Publishers Look Beyond Bookstores

Kitson, a group of boutiques based in Los Angeles, is the kind of store that appears regularly in the tabloids for both its stylish clothes and its celebrity clientele like Sean Combs and Joe Jonas.

But in a town that is all about flash, Kitson is finding a surprising source of revenue that is not from its fashionable shoes or accessories. It is from books.

The company’s owner, Fraser Ross, estimates that Kitson sold 100,000 books in 2010, double what it had the previous year.

Publishers turned aggressive about selling to Kitson, Mr. Ross said, as traditional bookstores switched focus or closed. That “has been good for us,” he said. “If there’s a good book, we’ll go deep into it.” And publishers, he said, “realize what a specialty store can do for their business, with the window and the table.”

Publishers have stocked books in nonbook retailers for decades — a coffee-table book in the home department, a novelty book in Urban Outfitters.
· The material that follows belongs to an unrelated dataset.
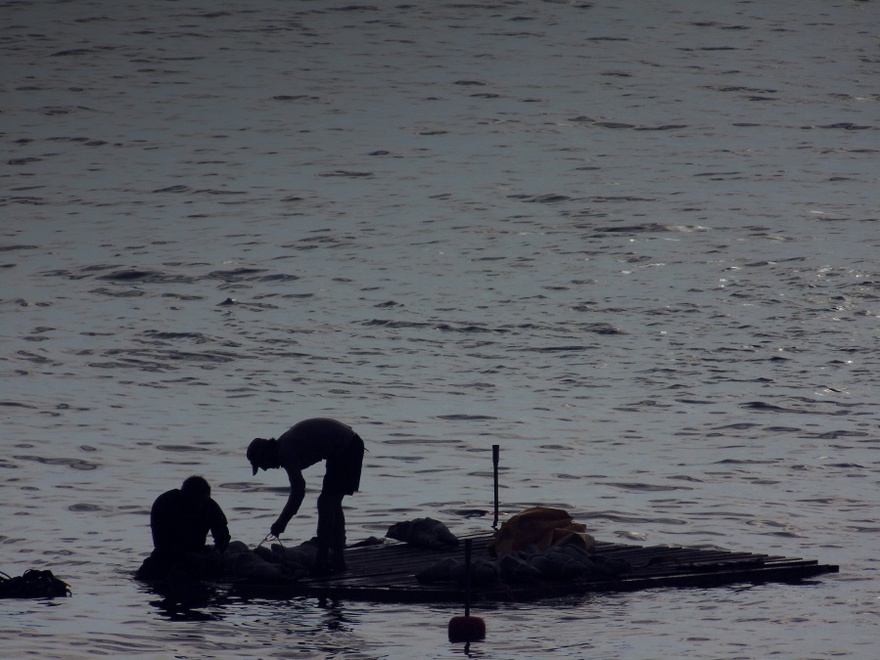 Sculptures are positioned under the raft.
In the last year, though, some publishers have increased their efforts as the two largest bookstore chains have changed course.

Barnes & Noble has been devoting more floor space for displays of e-readers, games and educational toys. Borders, after filing for bankruptcy protection in February, has begun liquidating some 200 of its superstores.

“The national bookstore chain has peaked as a sales channel, and the growth is not going to come from there,” said David Steinberger, chief executive of the Perseus Books Group. “But it doesn’t mean that all brick-and-mortar retailers are cutting back.”